Salieron de la cocina, cruzaron el comedor y fueron a la sala de estar. Los oí recorrer la casa mientras Henry se la enseñaba, y la conversación pasó a ser casi inaudible cuando llegaron a la habitación que él utilizaba como leonera. Tenía otros dos dormitorios, uno que daba a la calle y otro al jardín de atrás. Había dos baños completos y, junto a la entrada, un aseo. Me dio la impresión de que ella se deshacía en elogios, emitiendo exclamaciones que probablemente llevaban unido el signo del dólar.

Cuando regresaron a la cocina, pasaron del sector inmobiliario a los índices de construcción de nuevas viviendas y las tendencias económicas. Charlotte podía hablar de las caídas de la Bolsa, el rendimiento de los bonos del Estado y la confianza de los consumidores como el que más. A mí me intimidó un poco su aplomo, pero eso era problema mío, no de Henry.
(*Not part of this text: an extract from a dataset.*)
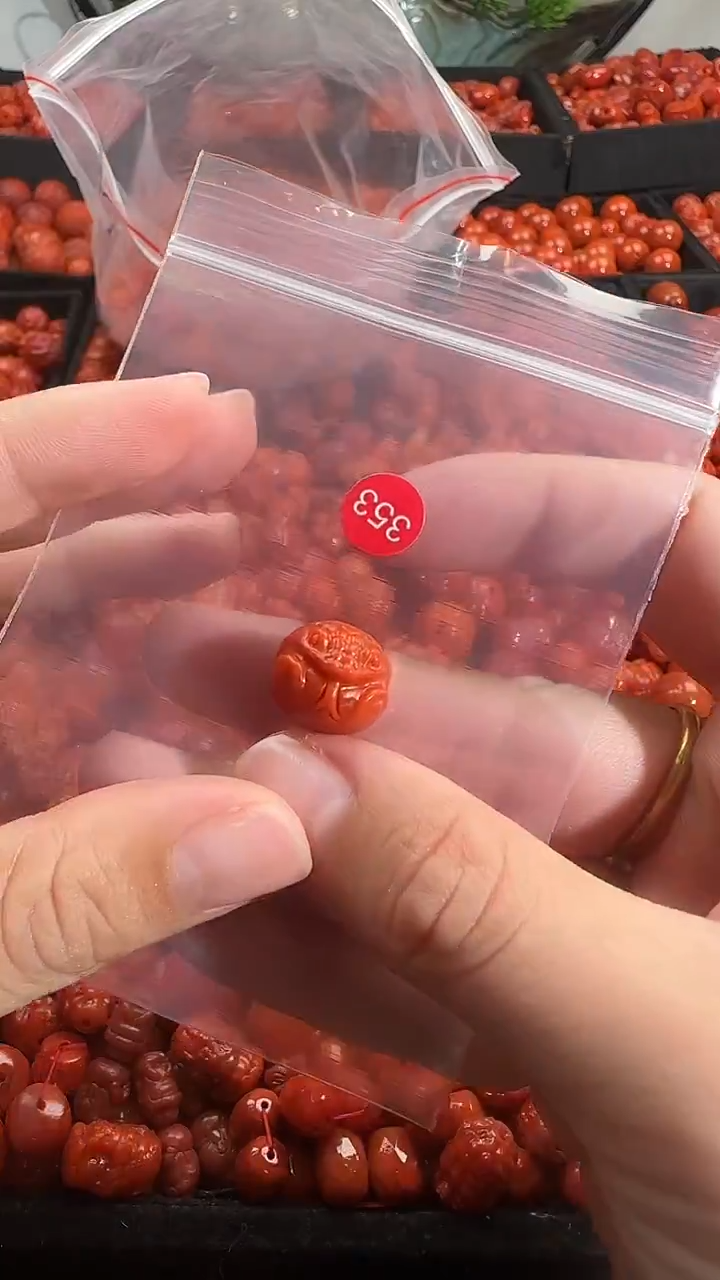 颈饰未镶嵌南红玛瑙1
Apuramos las copas y Henry dejó los vasos vacíos en el fregadero mientras Charlotte se disculpaba para retirarse al baño más cercano.

– ¿Qué te parece? -preguntó él.

– Me cae bien. Es lista.

– Bien. Parece agradable y está bien informada, cualidades que valoro.

– Yo también -coincidí.

Cuando Charlotte volvió, se había retocado los labios y espolvoreado las mejillas. Cogió el bolso, salimos las dos por la puerta seguidas de Henry y le dejamos un momento para que cerrara con llave.

– ¿Podríamos echar un vistazo rápido al estudio? Me ha dicho Henry que lo diseñó él mismo y me encantaría verlo.

Hice una mueca.

– Antes debería adecentarlo un poco. Soy una fanática del orden, pero he estado fuera todo el día.

En realidad, no quería que ella entrara a reconocer el terreno y calcular cuánto añadiría el estudio al precio de mercado si lo convencía para que vendiera.

– ¿Cuánto tiempo hace que lo tienes alquilado?

– Siete años. Me encanta la zona, y Henry es el casero perfecto. La playa está a media manzana en esa dirección y tengo el despacho en el centro, a sólo diez minutos de aquí.

– Pero piensa en el patrimonio que habrías acumulado a estas alturas si vivieras en una casa en propiedad.

– Soy muy consciente de las ventajas, pero mis ingresos van oscilando y no estoy dispuesta a cargar con una hipoteca. A mí ya me va bien que sea Henry quien se preocupe de los impuestos y el mantenimiento.

Demasiado cortés para expresar su escepticismo ante mi estrechez de miras, Charlotte se limitó a dirigirme una mirada.

Cuando los dejé, Henry y ella habían reanudado su conversación. Hablando del alquiler de propiedades, Charlotte le sugirió la posibilidad de usar el valor patrimonial de la casa como apalanca miento para adquirir un tríplex que acababa de salir a la venta en Olvidado, donde la vivienda no era tan cara. Dijo que las unidades necesitaban reformas, pero si él realizaba las mejoras necesarias y vendía la propiedad en poco tiempo, obtendría un buen beneficio, que entonces podría reinvertir. Intenté ahogar un grito de alarma, pero tenía la sincera esperanza de que ella no lo convenciera de algo tan absurdo.

Tal vez ya no me caía tan bien como pensaba.